> _Exercise aim_: Print the lines that run from the line with "MERRY CHRISTMAS Script" to the line with "Auburn Tigers V Neck Logo Sweater", keeping both end lines, exactly as they appear in the entries below, and nothing else.

> _Study material_:
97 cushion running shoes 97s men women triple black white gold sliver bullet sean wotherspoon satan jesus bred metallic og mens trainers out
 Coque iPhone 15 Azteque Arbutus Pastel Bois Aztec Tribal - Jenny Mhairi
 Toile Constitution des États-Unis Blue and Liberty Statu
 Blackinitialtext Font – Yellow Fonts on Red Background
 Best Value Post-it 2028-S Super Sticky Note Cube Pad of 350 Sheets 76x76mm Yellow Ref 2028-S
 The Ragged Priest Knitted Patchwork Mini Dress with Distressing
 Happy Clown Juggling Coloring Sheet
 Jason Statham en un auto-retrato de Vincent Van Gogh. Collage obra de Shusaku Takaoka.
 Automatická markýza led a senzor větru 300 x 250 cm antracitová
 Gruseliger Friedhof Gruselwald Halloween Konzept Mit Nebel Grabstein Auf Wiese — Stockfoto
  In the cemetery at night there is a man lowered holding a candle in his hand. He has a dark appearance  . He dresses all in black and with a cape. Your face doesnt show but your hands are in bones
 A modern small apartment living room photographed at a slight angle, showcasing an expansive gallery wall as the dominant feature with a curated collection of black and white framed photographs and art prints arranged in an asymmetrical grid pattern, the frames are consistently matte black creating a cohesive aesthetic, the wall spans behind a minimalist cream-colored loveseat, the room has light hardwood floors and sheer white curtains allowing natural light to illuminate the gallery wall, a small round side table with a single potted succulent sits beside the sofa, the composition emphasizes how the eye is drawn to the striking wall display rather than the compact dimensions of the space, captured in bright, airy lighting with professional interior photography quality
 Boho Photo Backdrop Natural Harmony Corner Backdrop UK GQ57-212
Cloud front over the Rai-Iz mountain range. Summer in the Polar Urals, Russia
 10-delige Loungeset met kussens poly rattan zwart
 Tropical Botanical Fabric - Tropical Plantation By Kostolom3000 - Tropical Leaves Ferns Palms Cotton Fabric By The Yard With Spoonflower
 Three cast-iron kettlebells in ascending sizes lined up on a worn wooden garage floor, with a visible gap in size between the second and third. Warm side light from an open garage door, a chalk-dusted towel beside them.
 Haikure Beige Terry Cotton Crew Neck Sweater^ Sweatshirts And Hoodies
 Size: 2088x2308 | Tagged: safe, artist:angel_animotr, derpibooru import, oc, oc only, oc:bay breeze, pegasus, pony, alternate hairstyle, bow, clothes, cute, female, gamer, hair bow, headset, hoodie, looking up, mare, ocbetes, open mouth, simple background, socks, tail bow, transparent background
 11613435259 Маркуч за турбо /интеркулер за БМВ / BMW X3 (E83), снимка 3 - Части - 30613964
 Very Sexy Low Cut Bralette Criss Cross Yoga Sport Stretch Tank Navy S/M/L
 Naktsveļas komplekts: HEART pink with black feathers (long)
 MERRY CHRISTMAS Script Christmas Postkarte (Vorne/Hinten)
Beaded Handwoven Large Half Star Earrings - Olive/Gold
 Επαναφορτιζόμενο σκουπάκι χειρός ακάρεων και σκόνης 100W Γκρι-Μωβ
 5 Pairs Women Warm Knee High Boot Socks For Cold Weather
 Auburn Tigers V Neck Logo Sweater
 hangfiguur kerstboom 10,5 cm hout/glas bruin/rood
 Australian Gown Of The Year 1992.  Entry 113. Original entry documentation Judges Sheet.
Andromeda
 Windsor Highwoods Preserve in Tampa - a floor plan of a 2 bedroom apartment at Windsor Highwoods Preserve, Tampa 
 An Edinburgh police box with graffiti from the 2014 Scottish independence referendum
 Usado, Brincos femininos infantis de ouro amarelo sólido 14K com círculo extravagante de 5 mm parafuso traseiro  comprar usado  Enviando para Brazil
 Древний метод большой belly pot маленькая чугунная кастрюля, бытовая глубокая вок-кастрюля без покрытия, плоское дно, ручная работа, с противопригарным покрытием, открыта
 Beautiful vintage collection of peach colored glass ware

> _Answer to the exercise_:
 MERRY CHRISTMAS Script Christmas Postkarte (Vorne/Hinten)
Beaded Handwoven Large Half Star Earrings - Olive/Gold
 Επαναφορτιζόμενο σκουπάκι χειρός ακάρεων και σκόνης 100W Γκρι-Μωβ
 5 Pairs Women Warm Knee High Boot Socks For Cold Weather
 Auburn Tigers V Neck Logo Sweater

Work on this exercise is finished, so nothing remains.